Dans les Pyrénées-Atlantiques, au Pays basque français, une bataille est engagée entre le rectorat de Bordeaux et les élus d’une communauté d’agglomération autour de l’ouverture d’une classe immersive en langue basque.
Le rectorat hostile à l’enseignement du basque
Enseigner le basque à Saint-Pierre-d’Irube (Pyrénées-Atlantiques), voilà une idée qui n’est pas pour plaire au rectorat de Bordeaux. La rectrice d’académie a ainsi refusé l’ouverture d’une classe immersive dans la commune, une formule qui constitue une nouvelle expérimentation « 100 % langue basque » en petite et moyenne section de maternelle à l’école publique de Basté-Quieta.
Le projet en question, lancé il y a deux ans et concernant quelques 18 élèves de la commune de Saint-Pierre-d’Irube, est approuvé par 86 % des parents mais aussi par les enseignants, le Conseil d’école et les élus locaux. En résumé, tout le monde est d’accord à l’exception de l’Inspecteur d’académie.
Sans autre forme de procès, le rectorat a donc refusé l’ouverture de cette classe en langue basque en s’appuyant sur la loi du 26 juillet 2019 pour une école de la confiance qui rend l’instruction obligatoire dès l’âge de trois ans et, en parallèle, sur la Constitution de 1958 qui « prévoit en son article 2 que l’instruction obligatoire est dispensée en français ». De ce fait, la rectrice d’académie affirme ne plus pouvoir « autoriser des nouvelles expérimentations d’enseignement en langue basque dispensées à 100 % pour les enfants soumis à l’obligation scolaire à l’âge de trois ans ». L’administration jacobine est décidément bien rodée dans son argumentation…

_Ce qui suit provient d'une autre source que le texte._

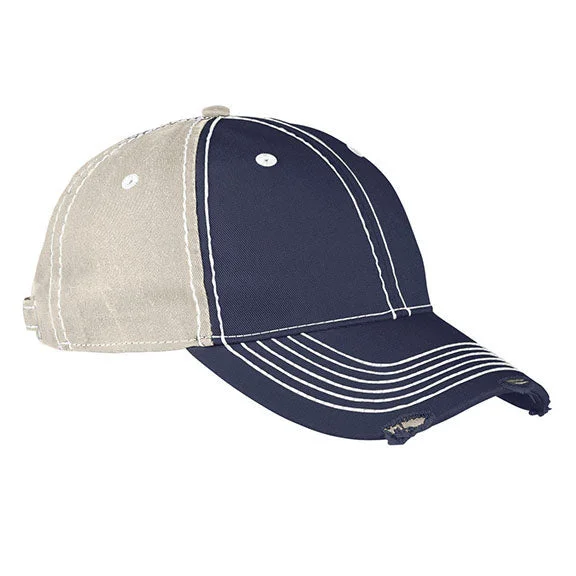 RM102 - Adams Adult Distressed Rambler Cap | Navy/Khaki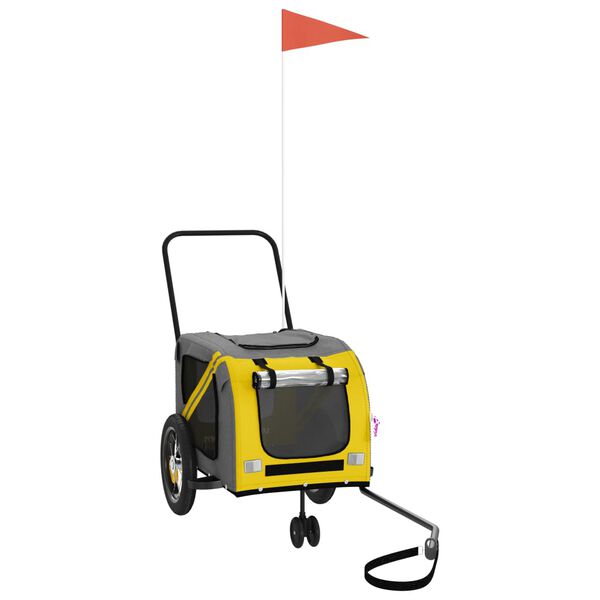 vidaXL Lemmikinkuljetuskärry polkupyörään kelt./musta kangas ja rauta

Une réponse « pauvre et brutale » face au succès des écoles immersives
Pour le maire de Saint-Pierre-d’Irube, ce refus n’est ni plus ni moins qu’une « décision politique, une posture idéologique » tandis que le conseiller régional Mathieu Bergé a décrit une réponse « pauvre et brutale » de la part du rectorat. Qui apparaît par ailleurs d’autant plus injustifiée que, jusqu’à présent, 19 expérimentations immersives dans l’enseignement public et 19 dans l’enseignement privé confessionnel ont été réalisées au Pays basque. Avec succès.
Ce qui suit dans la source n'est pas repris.